__EXERCISE DETAILS__
If a line in the records below contains the word "Near", return that line.

Collected data

*** Begin section ***

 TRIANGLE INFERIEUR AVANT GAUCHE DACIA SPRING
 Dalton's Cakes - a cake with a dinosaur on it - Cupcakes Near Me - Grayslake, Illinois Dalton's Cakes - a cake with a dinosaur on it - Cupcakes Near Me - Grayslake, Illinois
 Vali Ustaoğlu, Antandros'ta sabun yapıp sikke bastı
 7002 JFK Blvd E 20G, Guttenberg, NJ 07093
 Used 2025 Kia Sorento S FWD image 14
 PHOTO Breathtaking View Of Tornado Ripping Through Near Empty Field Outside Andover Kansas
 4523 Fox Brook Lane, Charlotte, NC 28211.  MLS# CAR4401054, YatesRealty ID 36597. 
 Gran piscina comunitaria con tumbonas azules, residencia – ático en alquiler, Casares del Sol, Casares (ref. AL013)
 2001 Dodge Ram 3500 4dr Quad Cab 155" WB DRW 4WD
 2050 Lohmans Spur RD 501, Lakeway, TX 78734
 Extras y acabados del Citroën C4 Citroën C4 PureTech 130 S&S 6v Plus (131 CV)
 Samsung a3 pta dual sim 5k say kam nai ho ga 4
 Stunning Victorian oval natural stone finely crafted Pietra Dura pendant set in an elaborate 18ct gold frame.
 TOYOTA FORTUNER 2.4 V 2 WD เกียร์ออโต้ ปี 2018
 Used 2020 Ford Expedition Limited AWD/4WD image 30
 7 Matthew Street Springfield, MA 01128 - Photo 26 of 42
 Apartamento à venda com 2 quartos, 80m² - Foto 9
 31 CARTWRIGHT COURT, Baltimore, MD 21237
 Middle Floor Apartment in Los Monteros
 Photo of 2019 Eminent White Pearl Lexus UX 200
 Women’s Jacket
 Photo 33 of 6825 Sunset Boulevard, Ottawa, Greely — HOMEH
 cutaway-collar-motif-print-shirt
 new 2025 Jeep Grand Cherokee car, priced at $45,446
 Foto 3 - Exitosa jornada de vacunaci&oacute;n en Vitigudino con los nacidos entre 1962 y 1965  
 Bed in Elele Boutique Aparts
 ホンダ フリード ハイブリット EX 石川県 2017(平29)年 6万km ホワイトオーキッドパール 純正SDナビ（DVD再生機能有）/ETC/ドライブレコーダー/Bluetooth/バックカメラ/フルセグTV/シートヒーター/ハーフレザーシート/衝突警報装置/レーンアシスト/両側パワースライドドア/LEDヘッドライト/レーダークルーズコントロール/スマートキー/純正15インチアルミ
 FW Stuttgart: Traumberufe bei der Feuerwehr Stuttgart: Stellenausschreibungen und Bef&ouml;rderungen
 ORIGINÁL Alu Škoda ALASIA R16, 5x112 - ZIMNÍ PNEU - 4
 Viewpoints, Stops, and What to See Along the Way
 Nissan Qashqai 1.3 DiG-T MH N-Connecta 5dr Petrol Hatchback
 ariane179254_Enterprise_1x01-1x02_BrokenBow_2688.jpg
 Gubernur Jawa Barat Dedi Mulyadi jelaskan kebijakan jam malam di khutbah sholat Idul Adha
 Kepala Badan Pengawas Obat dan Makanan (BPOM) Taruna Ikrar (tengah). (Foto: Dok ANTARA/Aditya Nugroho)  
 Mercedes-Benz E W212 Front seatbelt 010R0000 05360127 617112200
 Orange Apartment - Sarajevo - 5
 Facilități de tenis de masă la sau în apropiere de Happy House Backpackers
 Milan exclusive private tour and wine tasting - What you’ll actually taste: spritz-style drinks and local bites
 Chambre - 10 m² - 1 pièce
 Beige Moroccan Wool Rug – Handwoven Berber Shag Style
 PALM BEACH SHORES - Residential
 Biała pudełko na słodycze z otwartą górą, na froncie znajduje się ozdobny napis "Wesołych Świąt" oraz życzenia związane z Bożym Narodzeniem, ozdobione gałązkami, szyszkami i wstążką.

*** End section ***

__RESULT__
 Dalton's Cakes - a cake with a dinosaur on it - Cupcakes Near Me - Grayslake, Illinois Dalton's Cakes - a cake with a dinosaur on it - Cupcakes Near Me - Grayslake, Illinois
 PHOTO Breathtaking View Of Tornado Ripping Through Near Empty Field Outside Andover Kansas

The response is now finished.